— Стоп! Стоп!!! — заорал Володя, замахал руками и вклинился между ними.
Сергей уже стоял на ногах. Володя взял его перчатки и стал старательно отирать их о свою рубашку.
— Все в порядке? — тихо спросил он.
Сергей кивнул, и Володя скомандовал:
— Бокс!
Но не успели боксеры сойтись, как громко и надтреснуто ударил гонг.
— Брейк! Разошлись! — закричал Володя.
Шобла зашумела, но Охота цыкнул, и все мгновенно угомонились.

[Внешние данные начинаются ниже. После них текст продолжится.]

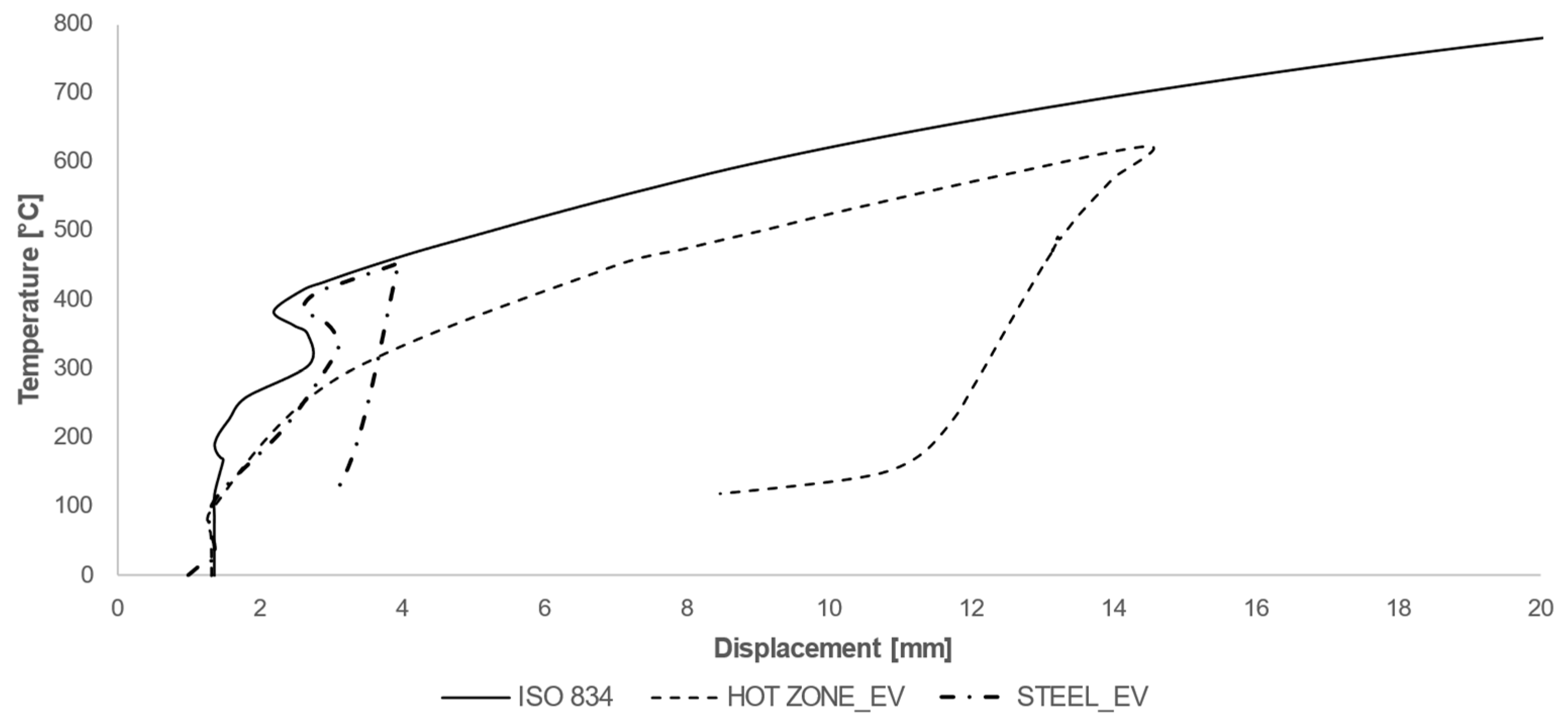 Energies 16 07233 g014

Третий раунд был каким-то тяжелым, бессвязным, отрывочным. Было все труднее отбивать удары Медузы, нырять, уходить. Сергей продолжал скользить по рингу, но уже с некоторым напряжением. Он понимал, что еще чуть-чуть перемочь — и придет второе дыхание. И тогда он сможет продолжать поединок в долгом изнурительном режиме. Сейчас он больше напоминал осторожного фехтовальщика, сконцентрировавшего всю свою волю на самом кончике узкого длинного клинка. Он работал левыми джебами, но Медуза осознал свою неуязвимость и продолжал открыто атаковать. Чего он не мог понять — это секрет неуязвимости противника. Казалось бы, чего проще: загнать его в угол — и замочить. Но тот все время прыгал, как заяц, и его просто невозможно было достать. Шустрый, падла\
Володя смотрел на циферблат. Стрелка быстро бежала по большому белому полю, бесстрастно съедая последние секунды.
Сергей понял, что сейчас брякнет гонг, но атаку проводить не стал, и бой вдруг поредел, истончился, как летний дождь, и сошел на нет.
Медуза, набычившись, пошел в свой угол.
— Стой! — заорал Володя. — На середину! Руки!
Медуза нехотя вернулся, противники вскользь коснулись перчатками. Володя цепко взял их за запястья и объявил:
— По очкам победил… Сергей Максимов! Советский Союз! — И поднял победительную руку.
— Потом продолжим, — тихим бесцветным голосом сказал Медуза и полез под канаты.
Но после тренировки Сергея никто не ждал. Площадь Кирова была пуста, только потрескивали синюшные фонари, рассеивая неживой свет.
Как-то Володя Авдеев бухал вместе с Охотой, и они вспомнили этот бой.
— Слышь, Авдей! А что тот мальчик?
— Талантливый мальчик, — отвечал Володя. — Боец!
— Не гони! — Охота морщился. — Он на улице ничего не стоит.
— Чемпионом будет! — убежденно говорил Володя. — Мы его сейчас на область повезем.
— Его на улице — мой любой завалит! — улыбался Охота.
— Ну, это не так легко сделать, — в ответ улыбался Володя.
— На ящик спорим? Белого? Пусть с Медузой схлестнется. На нашей территории.
— Не в кипеш, — отвечал Володя. — Реванша не будет.
Реванша не было. Медуза пошел на зону за грабеж. Потом еще кого-то из банды замели. Охота женился и все реже стал выходить в город. Хотя в своем районе шишку держал прочно.
Сергея нашли рабочие с экскаваторовагоноремонтного завода, когда шли на утреннюю смену. Уже задубевший, он лежал ничком, уткнувшись лицом в песок в кленовой аллее на центральной улице, одна рука была неловко подмята под живот. Потом нашли кирзовую полевую сумку с учебниками. Он задержался у друзей после школы, и когда возвращался домой — уже ночью, — на площади его сбил раздолбанный «ЗиЛ-157», который угнал в дупель пьяный электрик с Пригородной шахты. Сергею перебило позвоночник бампером, на котором была установлена лебедка с грязным разлохмаченным тросом. Удар был такой силы, что сломанное тело выбросило в сквер.
Было Сергею неполных шестнадцать лет.
2004
ПАРИКМАХЕР ЯША
Миша Кириленко — страшно таинственный — сообщил одноклассникам на переменке полушепотом, что Гитлер жив. Знаете парикмахера Яшу из ДК Кирова? Так он Гитлер и есть. А застрелился его двойник. Сам Гитлер бежал из осажденного Берлина и подался в Советский Союз с фальшивыми документами. Кто ж его в Советском Союзе будет искать? И одноклассники подивились ловкости главного фашиста и тут же создали антифашистское сопротивление и решили Гитлера разоблачить.
После уроков пятеро отважных отправились к парикмахерской, которая выходила большими окнами в парк, и организовали засаду. Сидели в голых кустах долго. Замерзли отчаянно. За стеклом маячил в белом халате парикмахер Яша, и когда он разворачивался лицом к невидимым зрителям, явственно виднелись его черные узкие усики. Гад, дрожа от холода, шептал Мишка, даже усы не сбрил, думает — мы дураки.